Avrupa bizden dinimizi değiştirmemizi, okullarımızda din dersinin mecburi olmaktan çıkarılmasını isterken bakın kendi içinde nasıl uygulamalar var.
Danimarka Eğitim Bakanı, İncil'in ilkokullarda zorunlu okutulacağını açıkladı.
Bakan Haarder, "Müslüman olsun olmasın, her ilkokul öğrencisi İncil'i okuyacak. Çünkü her öğrenci İncil'deki hikayeleri bilmek zorunda" diyerek Danimarka okullarında diğer dinlere- özellikle İslam'a- tahammül edemeyeceklerini ifade etmiş oluyor. Danimarka'daki 9 bini öğrenci 60 bin Türk'ün de içinde olduğu 300 bin Müslüman umurlarında bile değil.

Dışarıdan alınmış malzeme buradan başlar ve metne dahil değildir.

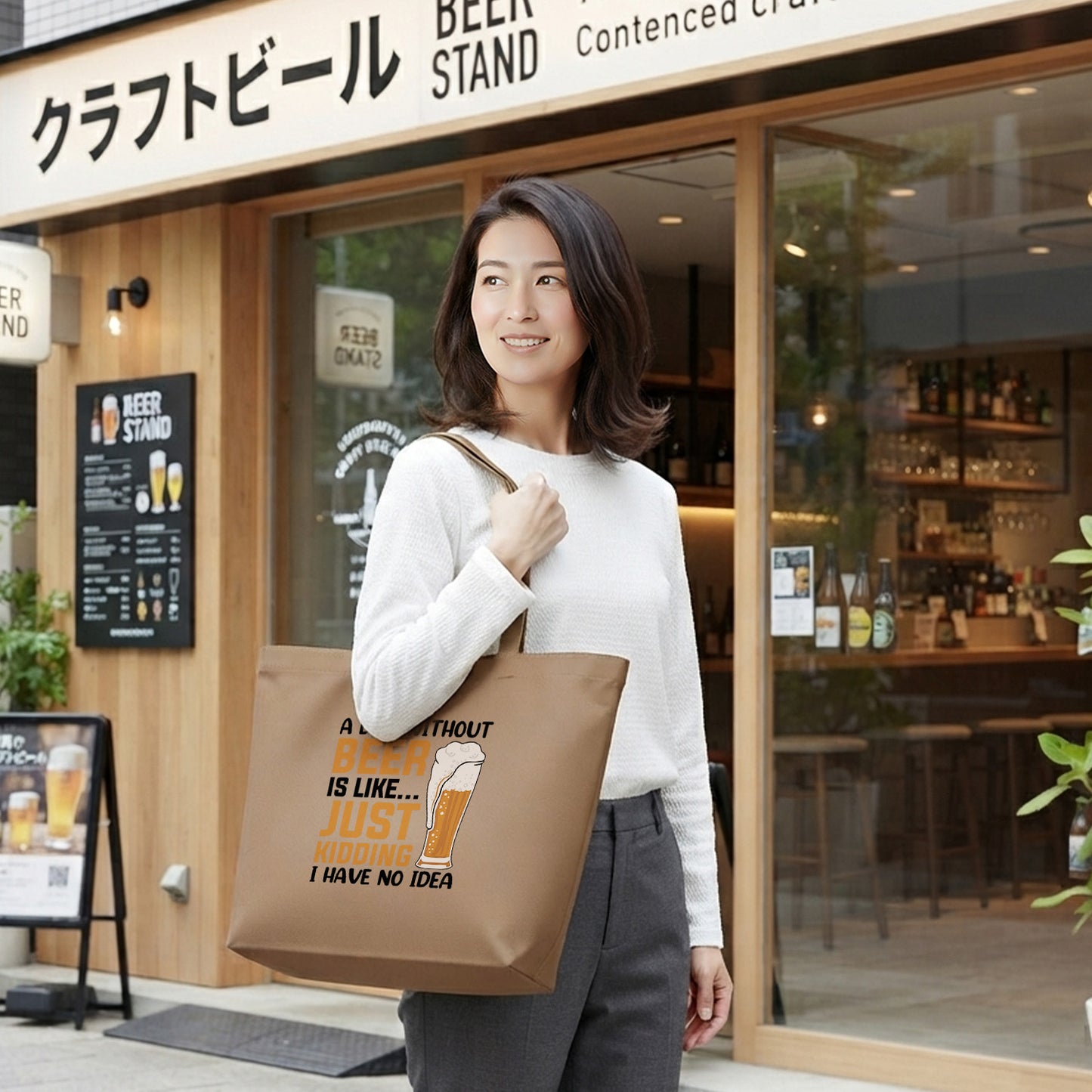 「 A DAY WITHOUT BEER IS LIKE ... 」誕生日プレゼントにも最適！居酒屋・飲み会で話題の面白トートバッグ｜日本酒・ビール・焼酎・ウイスキー好きにおすすめ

Danimarka'daki yerel Türk gazeteleri "Zorla bizi Hıristiyanlaştıracaklar" şeklinde manşetler atıyor ve karara tepkilerini dile getiriyor ama Haarder'in bu niyetini gerçekleştireceğinden kimsenin şüphesi yok. Bertel Haarder Danimarka siyasetinde oldukça etkin bir isim. Danimarka medyasına göre, Haarder önümüzdeki aylarda bu konu ile ilgili hazırladığı yasa tasarısını meclise sunacak.
Bizim Milli Eğitim Bakanı okullardaki mecburi din dersini kaldırmak için gece gündüz çalışıyor, müfredatta değişiklikler yapmak suretiyle din dersi kitaplarında Hıristiyanlığı, Papa'yı, on emri, Vatikan'ı, Budizmi, Yahudiliği anlatıyor ve elinden geldiğince İslam'la ilgili pek bir şey anlatmamaya özen gösteriyor.
Danimarka eğitim bakanı ise "İncil'i her öğrenci okumak zorunda" diyor ve bu konuyla ilgili harıl harıl çalışıyor.
İşte aramızdaki fark!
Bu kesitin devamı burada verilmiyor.